Sony’s e-reader application wasn’t allowed because it didn’t let users buy e-books through Apple’s system, Cupertino, California-based Apple said. Instead, the service would have sent customers to Sony’s store.
Apple’s developer guidelines say that applications must use the company’s method for purchases, though the rules haven’t always been enforced. For example, Amazon.com Inc.’s Kindle application steers users to its website.

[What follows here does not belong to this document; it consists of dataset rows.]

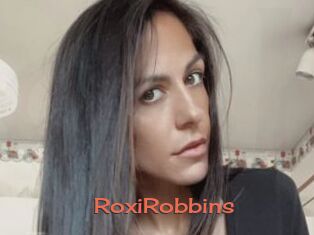 RoxiRobbins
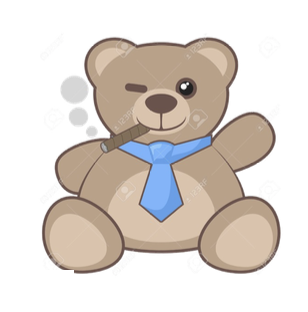 <ul><li><p>répétition</p><ul><li><p>seulement à partir de 7 ans</p></li><li><p>pas très stratégique</p></li></ul></li><li><p>organisation</p><ul><li><p>groupement des informations à mémoriser</p></li><li><p>groupements pragmatiques à un jeune âge</p></li><li><p>groupements taxonomiques (basé sur des catégories) plus efficaces vers 8-9 ans</p></li></ul></li><li><p>élaboration</p><ul><li><p>création d’images mentales, de phrases… pour combiner les éléments </p></li><li><p>ex. ours - cravate - cigare - blague - bleu - salut </p></li><li><p>pas avant 11-12 ans </p></li></ul></li></ul><p></p>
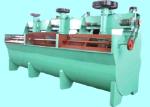 Manganese 300mm Gold Flotation Machine Ore SF 8.0 Y132S-6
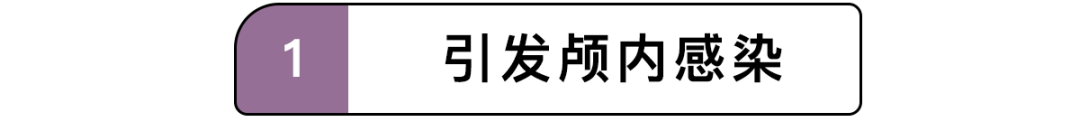 微信图片_20200928110352.png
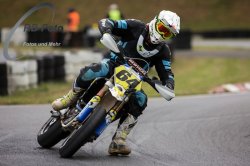 Fotos Supermoto 2016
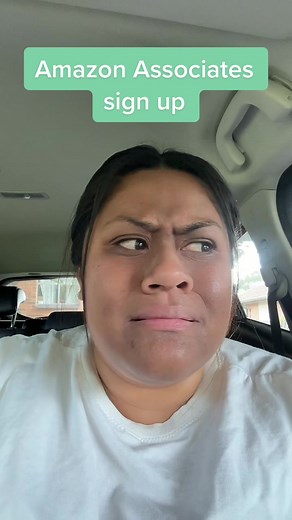 Amazon Affiliate Marketing for Beginners: Sign Up and Start Earning Passive Income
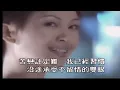 草蜢 失乐园MTV 粤语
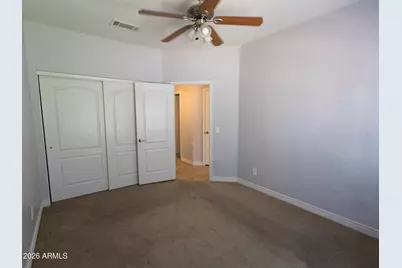 1027 W Grand Caymen Drive, Gilbert, AZ 85233 - Photo 21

When purchases are made within the application instead of going to a website, Apple collects 30 percent of the sales.
“We have not changed our developer terms or guidelines,” said Trudy Muller, a spokeswoman for Apple. “We are now requiring that if an app offers customers the ability to purchase books outside of the app, that the same option is also available to customers from within the app with in-app purchase.”

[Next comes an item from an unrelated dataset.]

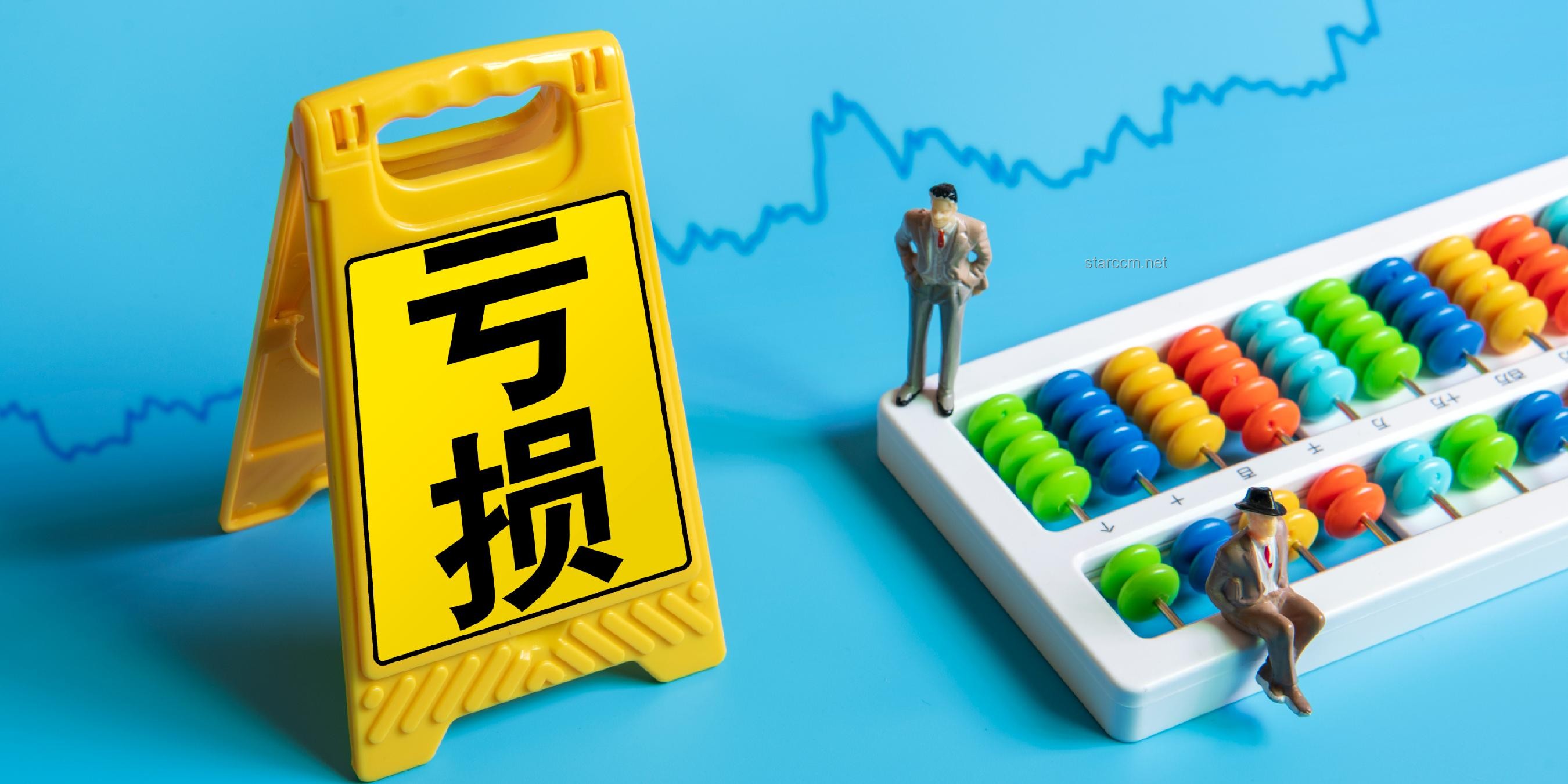 八旬老人买基金亏损状告银行：一审二审差异分析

Sony said it’s working with Apple to find a way to get the application approved.
“Many of our customers use Apple mobile devices in addition to their Readers and they are eagerly awaiting a solution that will allow them to purchase and read Reader Store content on their Apple mobile devices as well as synchronize that content between their Readers and iPhones as is possible on other mobile platforms,” Sony said in an e-mailed statement.

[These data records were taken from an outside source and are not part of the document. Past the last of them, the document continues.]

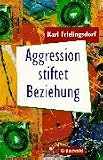 Image de Aggression stiftet Beziehung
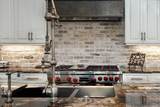 30607 Kilkenny Drive - Photo 15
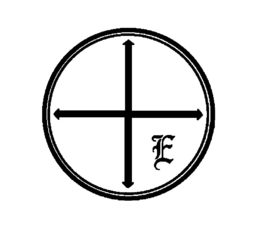 E trademark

Amazon declined to comment on whether enforcement of the payment policy will mean it will have to change its Kindle application on Apple devices.
Apple rose $5.71 to $345.03 at 4 p.m. New York time in Nasdaq Stock Market trading. The shares have surged 77 percent in the past 12 months. Sony climbed 40 cents to $34.74 in New York Stock Exchange composite trading.
The rejection was previously reported by the New York Times.